[dm-devel] dm-cache questions

Tue Dec 10 01:56:03 UTC 2013

I'm building a small virtualization server for which I'd like to avail of
ssd caching to increase performance. While there seems to be an increasing
plethora of options for ssd caching under linux, I'd like to stick with
something that's part of the mainline kernel, which I think restricts the
playing field down to bcache or dm-cache.
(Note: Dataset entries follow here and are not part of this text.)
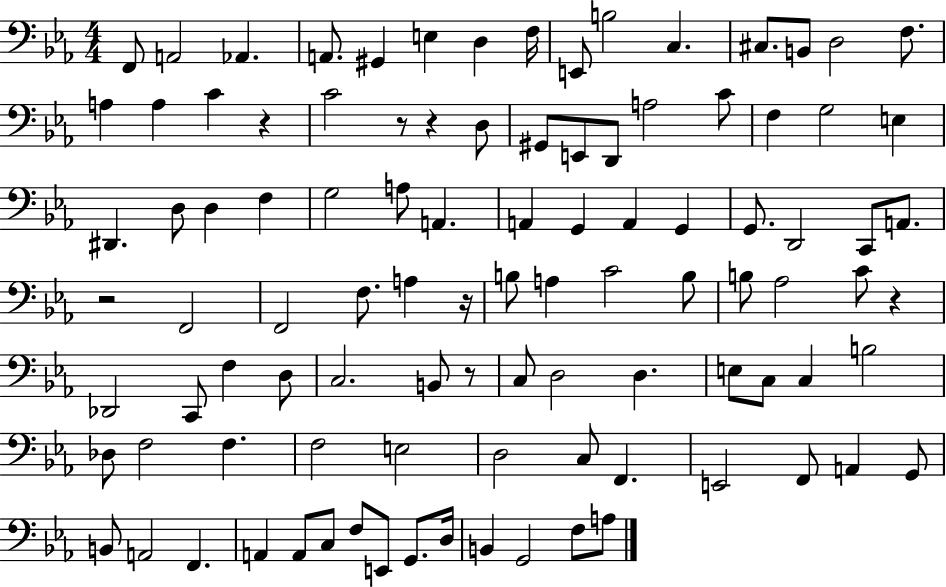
{
  \clef bass
  \numericTimeSignature
  \time 4/4
  \key ees \major
  f,8 a,2 aes,4. | a,8. gis,4 e4 d4 f16 | e,8 b2 c4. | cis8. b,8 d2 f8. | \break a4 a4 c'4 r4 | c'2 r8 r4 d8 | gis,8 e,8 d,8 a2 c'8 | f4 g2 e4 | \break dis,4. d8 d4 f4 | g2 a8 a,4. | a,4 g,4 a,4 g,4 | g,8. d,2 c,8 a,8. | \break r2 f,2 | f,2 f8. a4 r16 | b8 a4 c'2 b8 | b8 aes2 c'8 r4 | \break des,2 c,8 f4 d8 | c2. b,8 r8 | c8 d2 d4. | e8 c8 c4 b2 | \break des8 f2 f4. | f2 e2 | d2 c8 f,4. | e,2 f,8 a,4 g,8 | \break b,8 a,2 f,4. | a,4 a,8 c8 f8 e,8 g,8. d16 | b,4 g,2 f8 a8 | \bar "|."
}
After reviewing the dm-cache documentation and mailing list archives, I had
a few questions I hope somebody might be able to answer; I apologize in
advance if any of them are silly or something I should've already found on
my own.

I've got four WD RE4 2TB drives that I plan to configure as RAID10 for the
data device, and two Samsung 840 Pro 256GB SSD's that I plan to configure as
RAID1 for the cache device. I'd like to set up write back caching to improve
both read and write performance. I was going to set up lvm on top of the
cached device and then use lv's as the backing store for kvm virtual
machines.

Is dm-cache considered ready for production deployment? From what I
understand, there are plans to add support for managing dm-cache to lvm2,
and without that it's a bit cryptic to use/set up. I see that Fedora has
deferred including support for dm-cache into their distribution pending that
lvm2 support, but other than easing configuration/management, are there any
reasons not to go ahead and deploy dm-cache in production now working with
it directly rather than through lvm2?

What is the recommended kernel version for using dm-cache? Would 3.10LTS be
suitable, or would it be better at this point to be running the latest
stable, eg 3.12.x now, and then 3.13.x once 3.12 goes EOL, to be sure to
have the latest bug fixes and performance enhancements?

>From reviewing the documentation, in addition to the origin/backing device
and the cache device, a third device is necessary for metadata. Per the
documentation the rationale for having a separate device for metadata rather
than simply using the cache device is so that the metadevice can be
configured with different redundancy; the example given is that perhaps it
could be mirrored. I'm confused though as to what utility there is an having
a metadata device with a different level of redundancy than the cache
device. If the metadata device is mirrored, and the cache device is not, you
will still be able to access the metadata should the cache device fail, but
given the cache device has failed, what are you going to do with it?
Conversely, if the cache device is mirrored, and the metadata device is not,
should the metadata device fail, how are you going to use your cache? I can
see potentially having the origin device redundant, and the cache device
not, assuming you are not using write back caching, but I don't initially
see a scenario where you would configure a cache device and a metadevice
with different availability characteristics.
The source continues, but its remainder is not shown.